Veiligheid speelt daarbij ook een rol. In de diepte-interviews van De Pedagogische Gemeenschap in de Multi-etnische Wijk vertellen moeders dat zij zich niet altijd veilig voelen in de wijk door

criminaliteit, drugsgebruik en hinderlijk gedrag van hangjongeren. Wanneer bepaalde

buurtkinderen vandalisme plegen, zijn zij bang om hen aan te spreken. Een Marokkaanse moeder met drie kinderen vertelt bijvoorbeeld: ‘Er zijn kinderen daar durf ik niets tegen te zeggen. En als je zegt: “Dat mag niet, waarom kras je, waarom maak je een raam kapot” of zo. “Opdonderen, het is je probleem niet, je bent mijn moeder niet.” Dan doe je niets, maar er zijn buren, weet je, échte buren,  ik ken haar echt goed. (...) Haar kinderen durf ik wel heel goed aan te spreken’ (De Haan en anderen, 2013).

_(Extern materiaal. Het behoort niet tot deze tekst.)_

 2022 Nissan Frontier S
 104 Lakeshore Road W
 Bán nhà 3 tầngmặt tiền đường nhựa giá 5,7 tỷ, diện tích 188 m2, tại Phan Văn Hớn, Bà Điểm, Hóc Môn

Uit het onderzoek van Allemaal Opvoeders komt naar voren dat niet-westerse ouders vaker dan westerse ouders negatief oordelen over hun buurt. Niet-westerse ouders zeggen vaker dat zij hun buurt geen goede plek vinden om kinderen te laten opgroeien en vertellen ook vaker dat ze zouden verhuizen als dat kon (Kesselring en anderen, 2012).

Ook in een aantal diepte-interviews voor De Pedagogische Gemeenschap in de Multi-etnische Wijk oordelen ouders negatief over hun wijk. Omdat veel van deze ouders de multi-etnische wijk als onveilig ervaren, vinden zij het niet prettig om hun kinderen alleen naar buiten te laten. Ze stellen dan ook duidelijke regels als hun kinderen naar buiten gaan: waar ze mogen komen, met wie ze mogen omgaan en hoe laat ze thuis moeten zijn. De meeste geïnterviewden houden hun kinderen ’s avonds binnen. Deze moeders hebben de behoefte om zelf meer toezicht op hun kinderen te houden, omdat de omgeving dat niet vanzelfsprekend doet én omdat in de omgeving andere  normen en waarden heersen (De Haan en anderen, 2013). Hoewel westerse en niet-westerse opvoeders positief denken over het corrigeren van en toezicht houden op kinderen in de publieke ruimte, bestaan er dus drempels in de praktijk.

Een nieuw steunnetwerk

Zowel westerse als niet-westerse ouders staan positief tegenover opvoedingsadvies en praktische

(3)

steun bij de opvoeding. Eerder onderzoek wees erop dat ouders die meer informele steun krijgen een positievere houding hebben tegenover het delen van opvoedingsverantwoordelijkheden.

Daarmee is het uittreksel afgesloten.